He was sentenced on June 20th, 2003 to ten life sentences for rape and to lesser sentences for sexual assault, with all the sentences to run concurrently. The Court of Criminal Appeal later upheld the sentences.

Giving her reserved judgment today, the judge said that, in some cases, material published prior to sentence may be of little significance and would therefore not constitute a real or serious risk. However, in this case, she had concluded the articles were a contempt of court in that they were highly prejudicial to the accused thus interfering in the administration of justice.

She was satisfied, had the articles been published after the conclusion of the sentencing hearing, no issue could be taken with their contents. However, the trial judge had stated as a fact that he had been prejudiced by publication of the offending articles, she noted.

Although she did not think that alone was determinative of the issue, it seemed to her that the articles contained highly prejudicial material. It was not unusual following a serious criminal trial for there to be extensive media coverage in relation to that trial, she said.

It was fair to say, she added, that the media performed a valuable and useful service in informing the public as a whole as to the nature of such offences and the day to day business of the courts.

Further, following a sentencing hearing on pleas of guilty in a notorious case such as was involved here, there was a tendency to have widespread coverage detailing not just the matters outlined in the court proceedings but also much background material which would not have been before a criminal court when it was sentencing an accused.

Material could be provided to journalists by garda sources, victims, their families and more unusually, perhaps, the accused themselves. This was something that occurred not just in cases involving the type of offences that occurred here but in many other cases involving serious crime.

However, what was unusual in this case was that such detailed coverage in the respondents' newspapers had appeared before the sentence hearing. No evidence had been heard at the point in time when the articles complained of were published.

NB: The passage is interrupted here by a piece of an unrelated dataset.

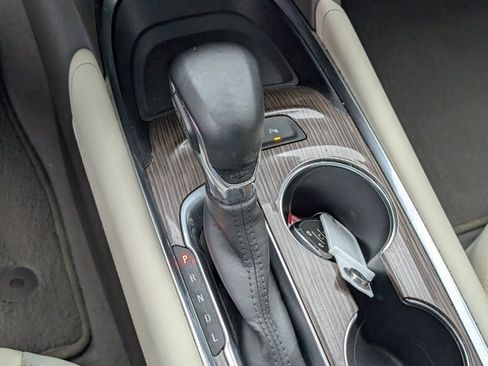 Used 2024 Chevrolet Malibu LT image 28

The Irish Independentarticle had referred to a number of specific matters about which the DPP complained. It referred to the accused's "deadly cunning", the arrangements he made to avoid the serious charges involved by fleeing the country and going to a country he had boasted was safe and in which he could not be touched by Irish law as no extradition treaty exsited between it and Ireland; and to a physical confrontation alleged to have occurred between the accused and the police in that country.

Ms Justice Dunne said it was possible those matters could have been ventilated before the trial judge at the sentencing hearing. However, when the articles were published, they were not then, or subsequently, put before the sentencing judge in evidence.

The matters complained of were reiterated in the Sunday Worldarticle which questioned the accused's remorse for the offences to which he had pleaded guilty. The question of remorse was one which might be expected to be aired in mitigation on behalf of the accused at the sentencing hearing, she noted.

Sunday Newspapers, (publishers of the Sunday World), sought to justify the publication of matters relating to the accused's departure abroad and the manner in which he was apprehended there on the basis these had already been ventilated in the Irish Independent article.

The judge said she could not see how that would justify the publication if the earlier article amounted to contempt.